◆ Source data
┌──
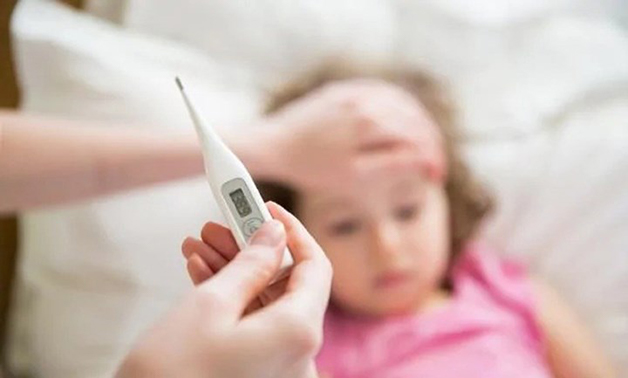 Cách điều trị sốt virus ở trẻ em hiệu quả nhất là đưa con đi khám bác sĩ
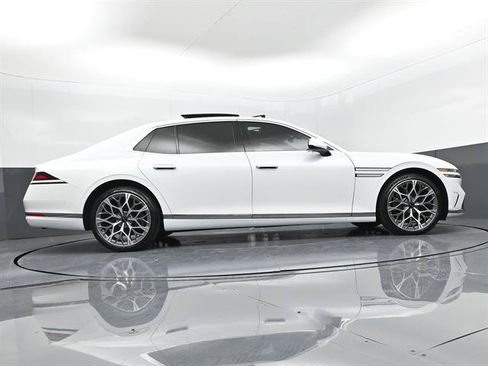 Used 2025 Genesis G90 3.5T AWD/4WD image 41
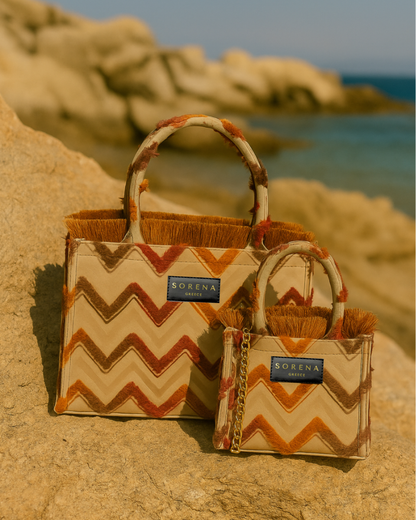 Gruppenfoto mit SORENA Mini-Taschen KATRINA in Erdtönen Orange-Beige-Gold – handgemacht, nachhaltig und geometrisch designt, aufgenommen in weiter Perspektive für SIMORA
└──
◆ Action item
Pictures stay out; reproduce exactly the lines from the one containing "Used 2025 Genesis G90 3.5T AWD/4WD image 41" through the end of the data.

◆ Solution below
 Used 2025 Genesis G90 3.5T AWD/4WD image 41
 Gruppenfoto mit SORENA Mini-Taschen KATRINA in Erdtönen Orange-Beige-Gold – handgemacht, nachhaltig und geometrisch designt, aufgenommen in weiter Perspektive für SIMORA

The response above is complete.